ABSTRACT

In 1977 the La Mesa fire burned forested portions of the Jemez Mountains and surrounding volcanic plateau in northcentral New Mexico. Fluvial systems in the devegetated watersheds are adjusting to different sediment and water discharge conditions. Instruments have been placed in six small watersheds to measure these adjustments in areas of different burn intensity (a qualitative estimate of devegetation). The amount of sediment delivered to the stream systems is influenced by: 1) the amount of hillslope devegetation; 2) seasonal variations in weathering and runoff; 3) protective post-fire forest litter; and 4) sediment production from burrowing animals. Sediment source areas in devegetated watersheds offer little resistance to erosional processes, and, as a result, threshold conditions are frequently attained.
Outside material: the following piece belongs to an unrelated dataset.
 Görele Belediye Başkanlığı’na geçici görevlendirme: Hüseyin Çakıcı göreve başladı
The primary source areas of individual watersheds are the basin headwaters and distal portions. Mid-basin regions of the watersheds studied underwent very little erosion during the period of measurement. Overland flow distances are greater in the mid-basin regions, requiring longer time periods to remove hillslope detritus. Extensive rilling in the basin headwaters and channel incision near basin mouths are post-fire fluvial adjustments. Cut and fill cycles in channel alluvium of the higher-order streams are related to seasonal variations in sediment supply. Accelerated mechanical weathering during freeze-thaw cycles and concomitant accelerated erosion increase the magnitude of sediment delivery to the streams in extensively devegetated areas. In areas of less devegetation, variables such as post-fire vegetal litter (needlecast) reduce rainsplash erosion and sheetwash erosion; however, accelerated sediment production by burrowing animals yields unexpectedly high erosion rates. Systematic adjustments between process and form in undisturbed watersheds of the western United States occur, in part, because geomorphic processes are adjusted to watershed vegetational characteristics. In devegetated watersheds sediment yield is influenced more by accelerated mechanical weathering or post-fire vegetal litter than by drainage basin size or slope.
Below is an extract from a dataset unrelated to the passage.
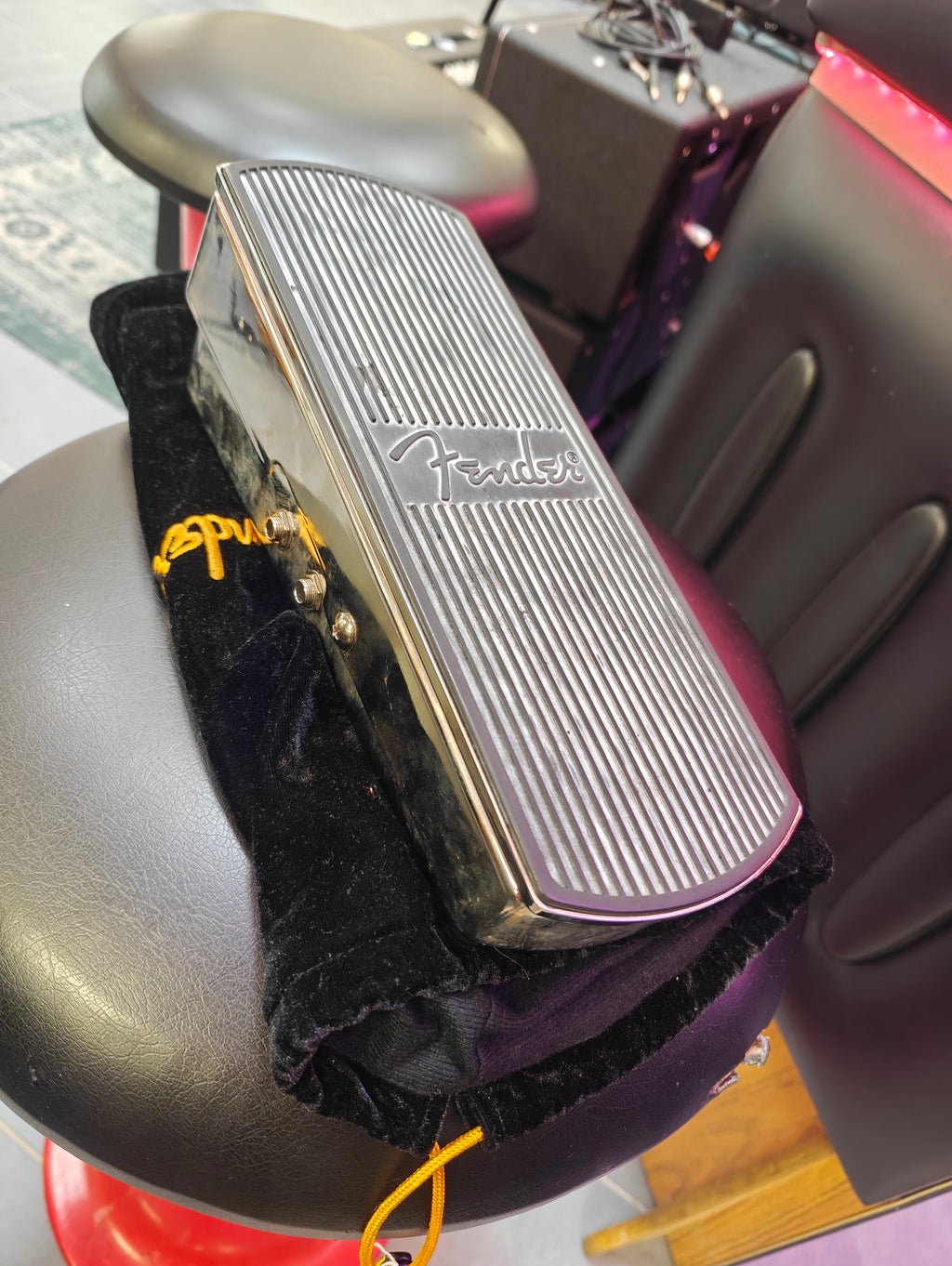 Fender PR276 Volume Pedal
A process-response model is developed to illustrate the complexities of fluvial adjustments in devegetated, mountainous terrain. This model differs significantly from the complex response model for alluvial valleys. In mountainous areas, tributary streams will adjust independently of trunk drainage lines where bedrock nickpoints separate the two. Thus, tributary streams can be semi-closed systems which supply sediment and water to trunk streams but do not adjust to any modifications made by the trunk streams. Revegetation and erosional stabilization of these semi-closed systems may occur before200 the stabilization of the trunk streams.